Quale campagna di scavo ricorda con più piacere?
A parte gli scavi a Cornus (Santa Caterina di Pittinnuri) nel 1978, ovviamente le prime campagne di Uchi Maius con i nostri studenti, quanto ho conosciuto la Tunisia vera, quella che amo di più, quella povera di Theboursouk e di Rihana, che ci ha accolto a braccia aperte, offrendoci le sue cose più delicate e autentiche: un banchetto di fine scavo con il sacrificio rituale di un montone, la visita alla scuola elementare di Rihana in un’occasione ufficiale, gli scolari che raggiungevano la scuola percorrendo chilometri a piedi e attraversando le nostre rovine, la festa per una circoncisione o per un matrimonio o per i defunti, un tè scaldato tra le rovine con il profumo dello zucchero caramellato, gli altri aromi tipici del piccolo mercato di Theboursouk , le bottiglie di miele selvatico, i secchi pieni di fichi, i preziosi semi di sgugu offerti per ingannare il tempo, che nelle nostre campagne si misurava in altro modo, soprattutto l’amicizia dei nostri operai e dei nostri studenti. E poi le scoperte di mondi misteriosi a due passi da noi: la mitica fattoria di Ain Ouassel scavata dai colleghi di Trento, l’ovile meraviglioso del Pagus Suttuensis, entro una villa romana ancora in piedi, il valico sul Djebel Gorrah con vista sulla straordinaria distesa degli agrumeti di Thibar, le verdi campagne di Gebba bagnate dalle acque sorgive, il tempio di Henchir el Khima che poi abbiamo identificato con Uchi Minus, i cammelli che arano i latifondi nell’antichità appartenuti ai Pullaieni; oppure, al nostro confine orientale, i monti della Fossa Regia che separava la Numidia dall’Africa cartaginese.
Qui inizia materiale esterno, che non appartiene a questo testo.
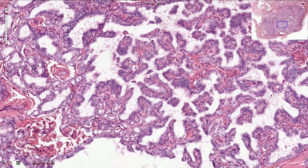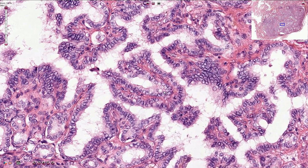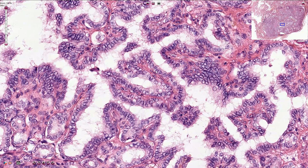At higher magnification, we see that the nuclei are bigger — nuclear enlargement is present. The nuclei are overlapping, crossing one another, and are slightly elongated or oval-shaped, unlike normal thyrocytes. We can also find irregularities of the nuclear membranes, typical longitudinal grooves, and intranuclear pseudo inclusions.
Che consigli darebbe a un giovane che sta per intraprendere la carriera universitaria e a un neo-laureato?
Consiglierei agli studenti di non trascurare la propria formazione, ma anzi, di impegnarsi al massimo, nella consapevolezza che tutti gli sforzi fatti oggi domani saranno ripagati in termini di opportunità di carriera. Studiare non può essere un passatempo, ma un "lavoro" a tempo pieno da portare avanti con estrema cura, con sacrificio personale, ma anche con passione, leggendo dentro di sé per scoprire una vocazione e un desiderio. Infine, credo sia assolutamente necessario imparare almeno due lingue straniere: ogni occasione di vivere, studiare e lavorare all'estero, anche solo per un breve periodo, deve essere colta al volo, con coraggio e senza paura. I nostri studenti Erasmus hanno una marcia in più.